# Theory Questions (Total: 10)

[MCQ]

A CNN trained on CIFAR-10 achieves 95 % training accuracy but only 65 % validation accuracy. The researcher tries the following remedies:

1. Adding more convolutional layers
2. Increasing kernel size in each convolutional layer
3. Using dropout and batch normalization
4. Performing extensive data augmentation

### 1. Which of the following will most likely reduce overfitting?

- [ ] A. 1 and 2
- [ ] B. 1 and 3
- [x] C. 3 and 4
- [ ] D. 1 and 4

Ans: Adding layers or larger kernels (1 and 2) may further overfit; dropout and batch norm regularize activations, while augmentation expands the dataset distribution, combating overfitting.

[NAT]

### 2. Consider a 2-D convolution with a 5×5 kernel, stride = 2, and padding = 1 on a 64×64×3 input. How many learnable parameters (including) exist in this single convolution layer with 32 filters?

Ans: 2432

Each filter has 5×5×3=75 weights + 1 bias = 76 parameters.
Total = 32 × 76 = 2 432 learnable parameters.
Stride and padding affect output size, not parameter count.

[MSQ]

### 3. Which of the following statements about Batch Normalization (BN) in CNNs are correct?

- [x] A. BN mitigates internal covariate shift by stabilizing feature distribution.
- [x] B. BN allows higher learning rates, accelerating convergence.
- [ ] C. BN completely removes the need for dropout.
- [x] D. BN normalizes activations across spatial dimensions and batch samples.

Ans: BN standardizes intermediate activations and enables faster, more stable training.
Dropout may still be needed for regularization; BN does not replace it entirely.

[MCQ]

### 4. In a CNN for CIFAR-10, early convolutional filters tend to capture edges and textures, while deeper filters respond to object parts. This hierarchy emerges primarily due to —

- [ ] A. Weight sharing across spatial locations
- [x] B. Local receptive fields expanding through layer stacking
- [ ] C. ReLU introducing sparsity in activations
- [ ] D. Pooling enforcing translation invariance

Ans: As layers stack, each neuron’s receptive field covers a larger portion of the input, allowing progressively complex feature compositions—from edges → shapes → semantic parts.

[MCQ]

A CNN has three convolutional layers, each with kernel 3, stride 1, and padding 1, followed by one max-pooling layer of size 2 × 2 and stride 2.

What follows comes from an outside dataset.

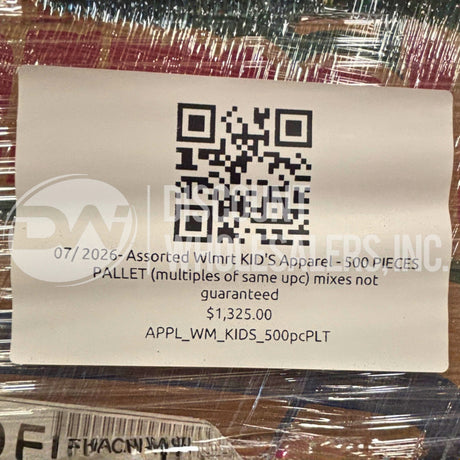 Assorted Wlmrt Kids Apparel - (500 Pcs Per Pallet)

### 5. What is the receptive field (in input pixels) of one neuron in the final feature map?

- [ ] A. 5 x 5
- [ ] B. 7 x 7
- [x] C. 10 x 10
- [ ] D. 11 x 11

Ans: Receptive field after three 3×3 stride-1 layers: 3+2+2=7.
Pooling doubles it: 7+(2−1)×2=10.
Hence, each final-layer neuron “sees” 10×10 pixels of the input.

[MCQ]

### 6. While training a CNN from scratch on MNIST, accuracy stagnates at 90 % despite sufficient data and no overfitting. Which is the most plausible underlying reason?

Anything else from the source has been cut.